"It _is_ him! It is!"
In the excitement of her discovery she relaxed her grasp on the pigeons,
and one of them escaped. In vain she whistled and coaxed; it hopped about
in the tree overhead and then soared away to larger freedom.
Nance was aghast at the catastrophe. She did not wait for the owner's
return, but rushed headlong down the road to meet him.
"I let one of 'em go!" she cried in consternation, as he vaulted the
fence and came toward her. "I wouldn't 'a' done it for anything in the
world. But I'll pay you for it, a little each week. Honest I will!"
The handsome boyish face above her clouded instantly.
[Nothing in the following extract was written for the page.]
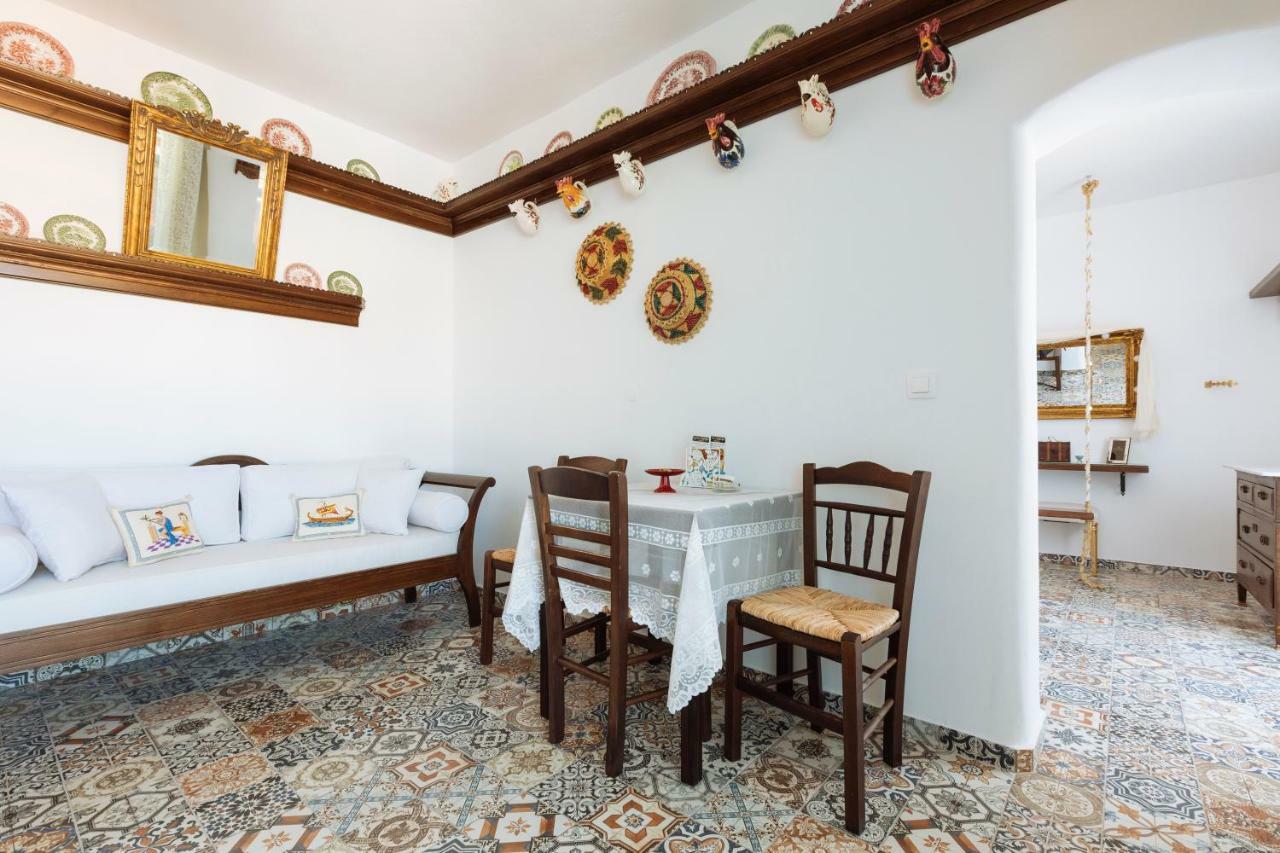 Gorgona Traditional 2 Karpatos Zewnętrze zdjęcie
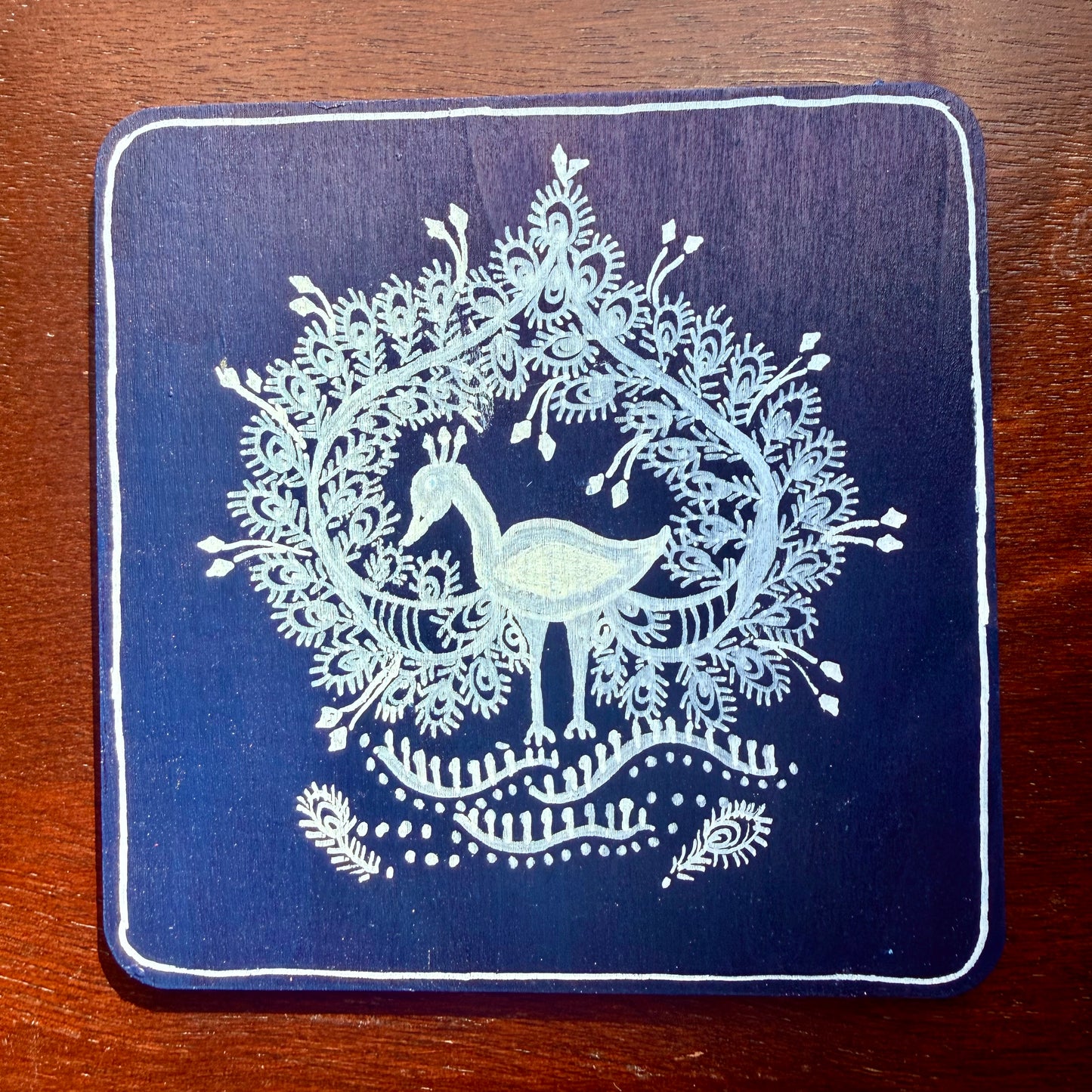 Versatile Wooden Tile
"You let it go?" he repeated furiously. "You little fool you! How did
you do it?"
Nance looked at him for a moment; then she deliberately lifted the other
pigeon as high as she could reach and opened her hand.
"Like that!" she cried.
Mac Clarke watched his second bird wheel into space; then his amazed
glance dropped to the slim figure of the young girl in her short
gingham dress, with the sunlight shining on her hair and on her bright,
defiant eyes.
"You've got your nerve!" he said with a short laugh; then he climbed into
his car and, with several backward glances of mingled anger and
amusement, drove away.
Nance related the incident with great gusto to Dan that night on
the way home.
"He never recognized me, but I knew him right off. Same old Smart Aleck,
calling people names."
"I was up in the office when he come in," said Dan.